If Oh's preliminary findings are confirmed in a larger study, "consumption of such eggs will not increase the risk of developing coronary heart disease" no matter how many are consumed, he said.

Oh said fish oil-enriched eggs could join existing low-cholesterol egg substitutes in markets by summer 1989, but because of the price of fish oil, the eggs would probably cost about 40 percent more than regular eggs.

The American Heart Association recommends people eat no more than 300 milligrams of cholesterol daily because high levels of the fat-like substance in blood are linked to increased risk of hardening of the arteries, heart attacks and strokes.
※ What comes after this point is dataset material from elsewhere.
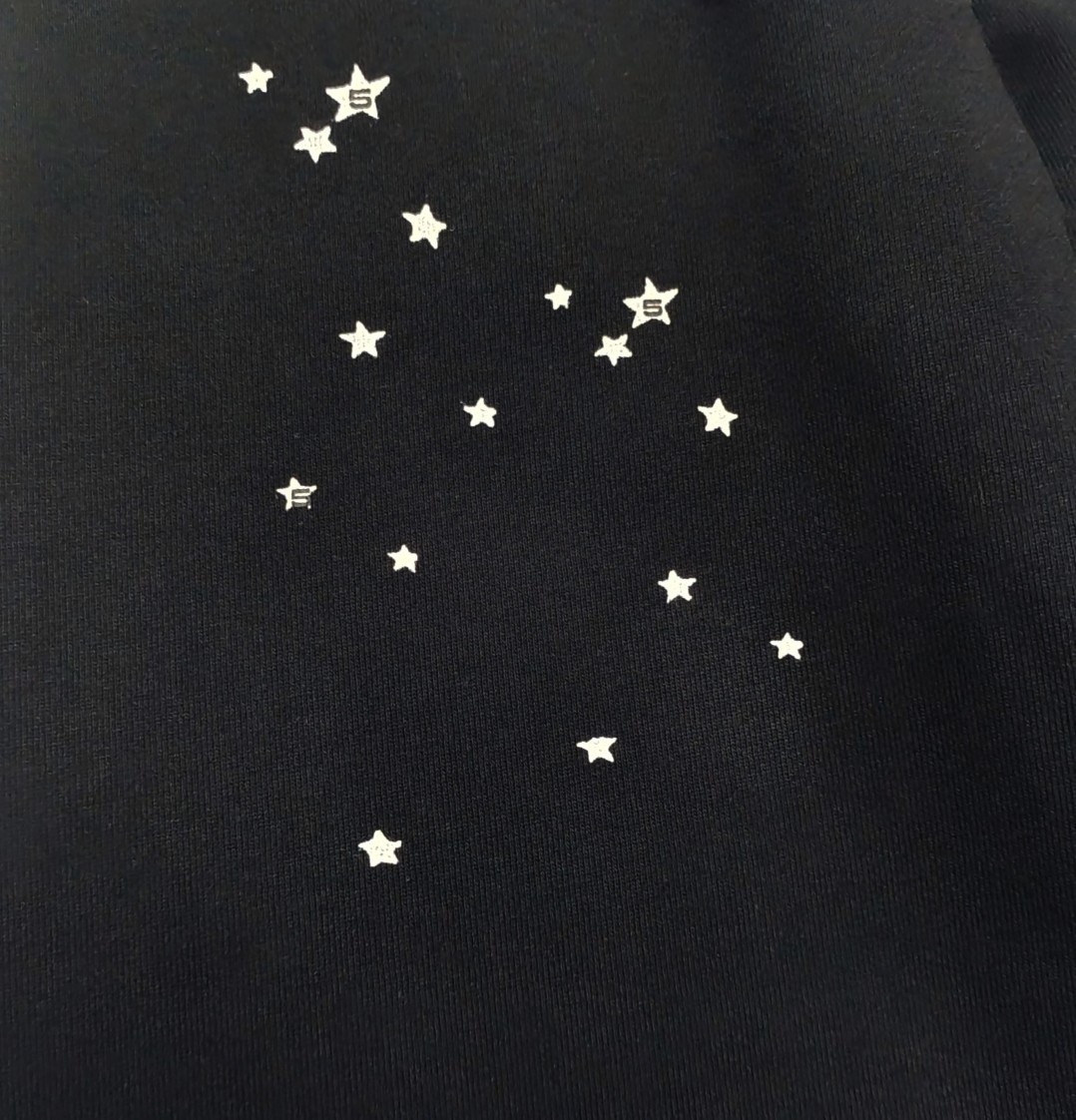 Sp5der 白色Sp5der字母 星星印花 抽绳松紧腰束脚运动裤 休闲裤 长裤 裤子 黑色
A regular egg averages 274 milligrams of cholesterol.

In the other study, nutritional sciences professor Charles Elson and colleagues at the University of Wisconsin found that daily consumption of 140-milligram capsules of lemongrass oil, a spice common in Thai food, reduced blood cholesterol more than 10 percent in more than one-third of a small group of people with unhealthy high levels.

Elson now is testing other foods containing chemicals called isoprenoids to learn if they also can inhibit the body's formation of cholesterol from simpler fats.

"We're looking in beer, wine, citrus peel and oats," he said. "We've found a compound in barley. Any green plant has similar compounds, and some also are in milk. If we're correct, we could create a diet composed of a variety of foods containing factors that work together to control cholesterol."

For now, people should eat a wide variety of vegetables and fruits to "have ready access to compounds that will help block or reduce cholesterol synthesis" in the body, Elson said.